Transcribe the records below exactly as they appear, omitting any pictures.

Extracted data -
________
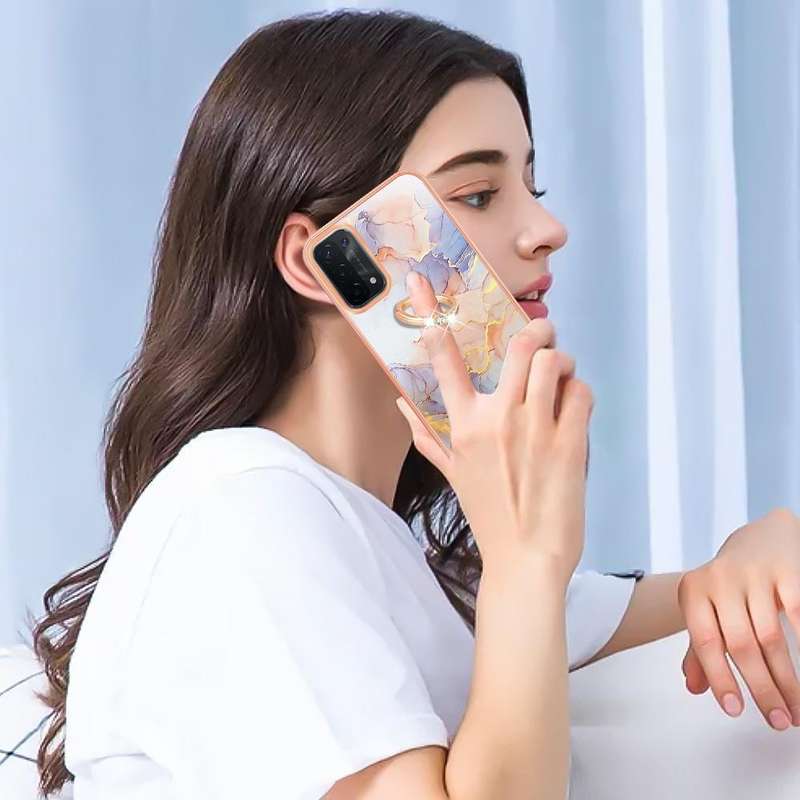 For OPPO A74 5G / A93 5G Electroplating IMD TPU Phone Case with Ring(White Marble)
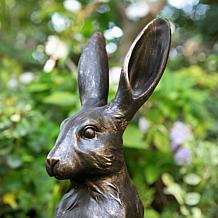 Glitzhome 23" H Standing Rabbit Statue with Bronze Coating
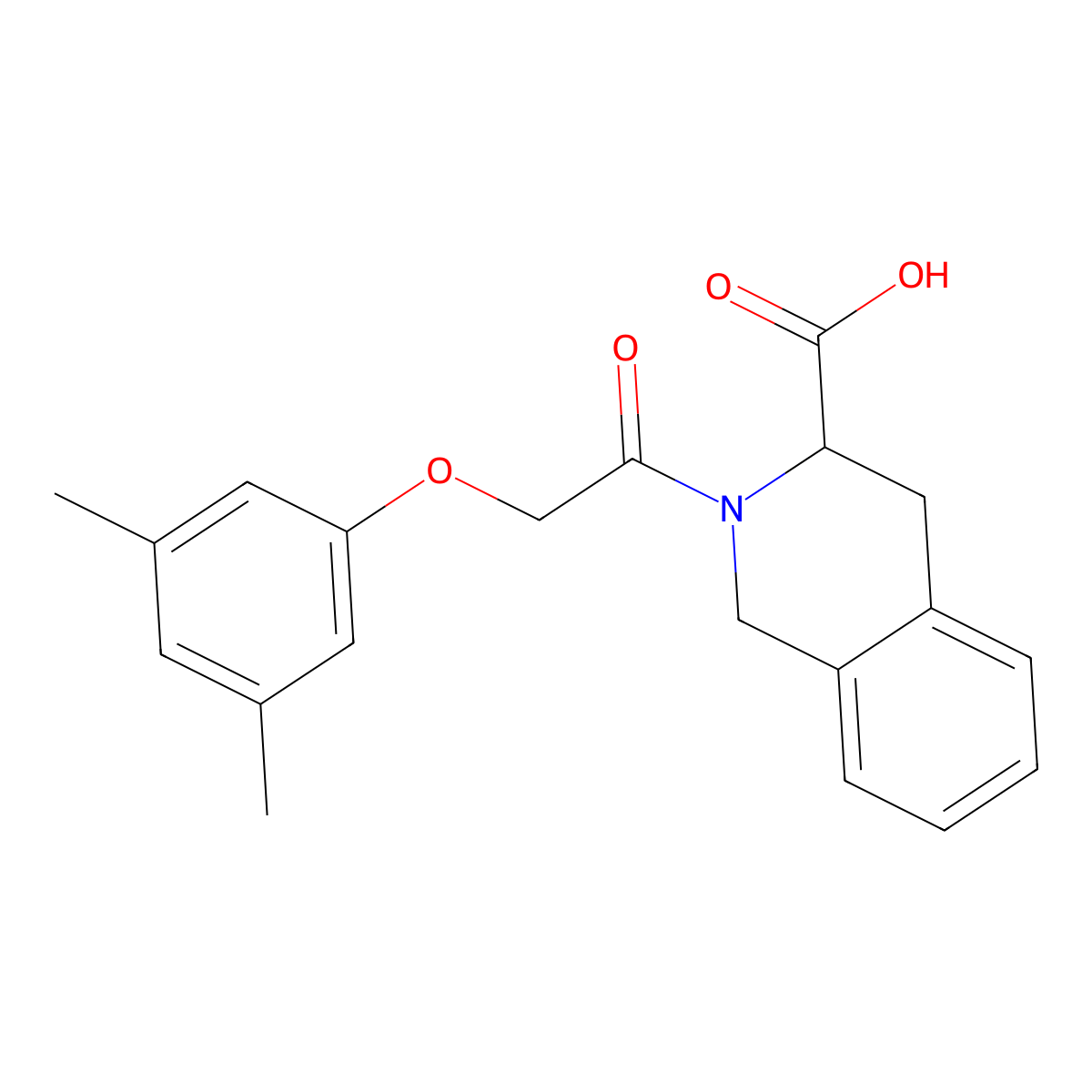 2-[2-(3,5-Dimethylphenoxy)acetyl]-1,2,3,4-tetrahydroisoquinoline-3-carboxylic acid molecular structure, CAS 1008369-07-0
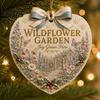 Seasonal Decorative Hanging Pieces Heart Shape Christmas Ornament, Sunflower/Lavender/Wildflower Garden Acrylic Decoration, Gift for Celebration Xmas
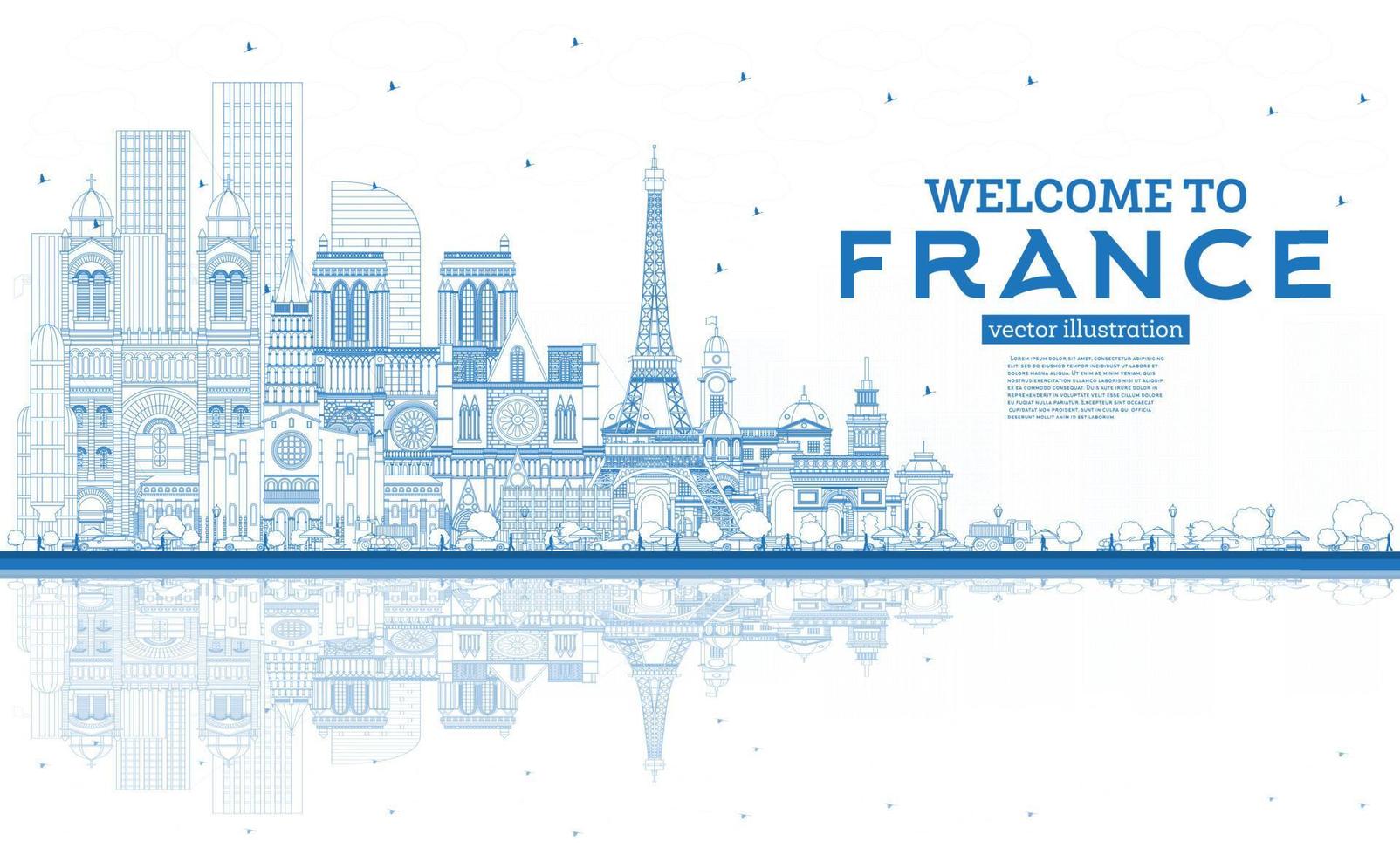 Outline Welcome to France Skyline with Blue Buildings. vector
________
Answer to the problem -
 For OPPO A74 5G / A93 5G Electroplating IMD TPU Phone Case with Ring(White Marble)
 Glitzhome 23" H Standing Rabbit Statue with Bronze Coating
 2-[2-(3,5-Dimethylphenoxy)acetyl]-1,2,3,4-tetrahydroisoquinoline-3-carboxylic acid molecular structure, CAS 1008369-07-0
 Seasonal Decorative Hanging Pieces Heart Shape Christmas Ornament, Sunflower/Lavender/Wildflower Garden Acrylic Decoration, Gift for Celebration Xmas
 Outline Welcome to France Skyline with Blue Buildings. vector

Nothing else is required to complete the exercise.